_Problem statement_.
Include the line containing "DAMES Poespas Shorts" and every line after it up to the end of the material below; reproduce them exactly and drop the pictures.

·····

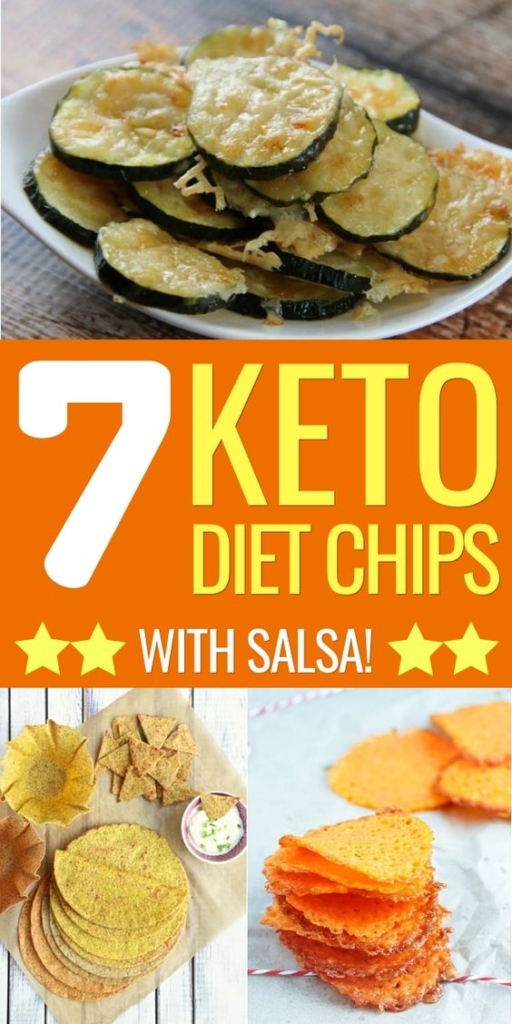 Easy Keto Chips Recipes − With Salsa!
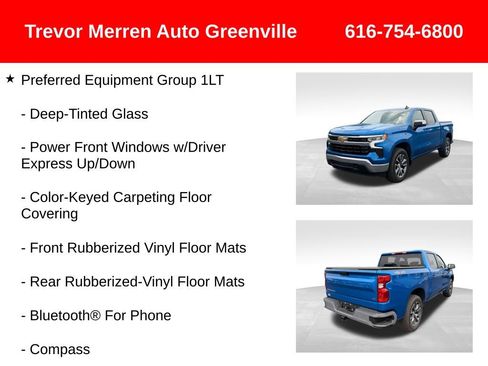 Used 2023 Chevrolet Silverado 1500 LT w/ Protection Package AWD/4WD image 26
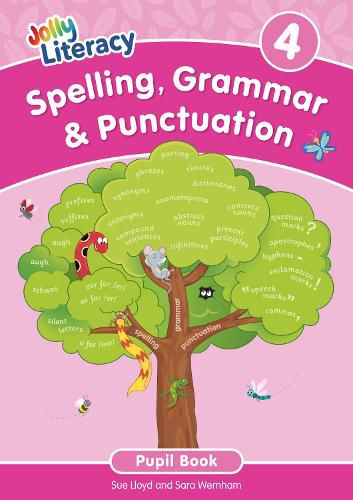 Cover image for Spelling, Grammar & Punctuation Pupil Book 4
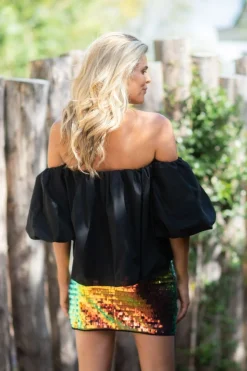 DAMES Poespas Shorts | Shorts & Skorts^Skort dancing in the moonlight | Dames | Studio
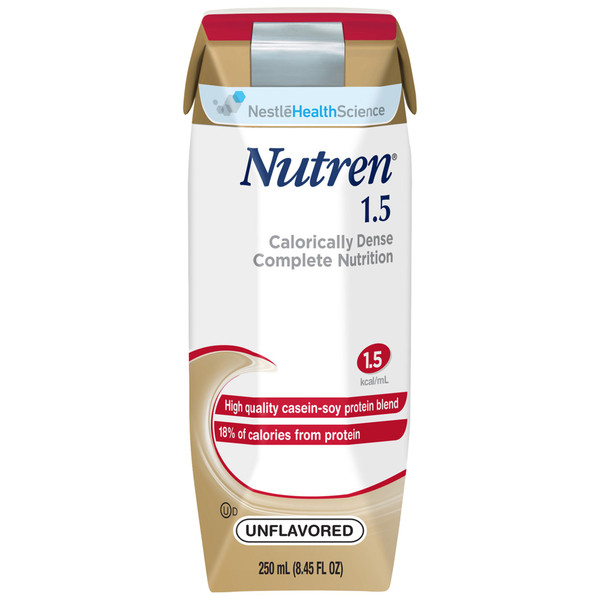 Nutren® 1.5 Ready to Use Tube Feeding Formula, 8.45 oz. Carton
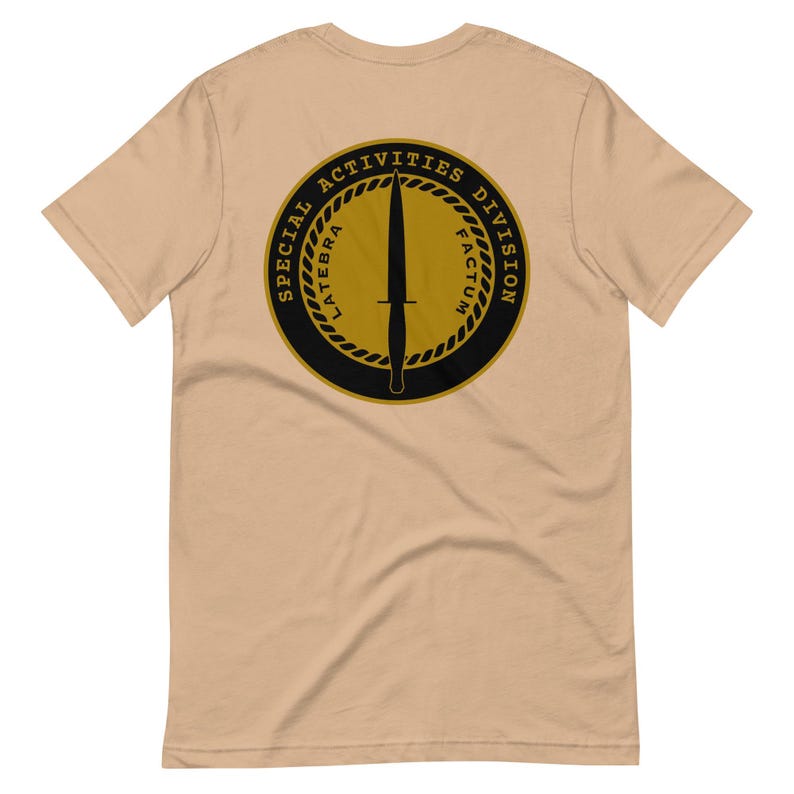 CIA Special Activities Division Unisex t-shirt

·····

_The answer_.
 DAMES Poespas Shorts | Shorts & Skorts^Skort dancing in the moonlight | Dames | Studio
 Nutren® 1.5 Ready to Use Tube Feeding Formula, 8.45 oz. Carton
 CIA Special Activities Division Unisex t-shirt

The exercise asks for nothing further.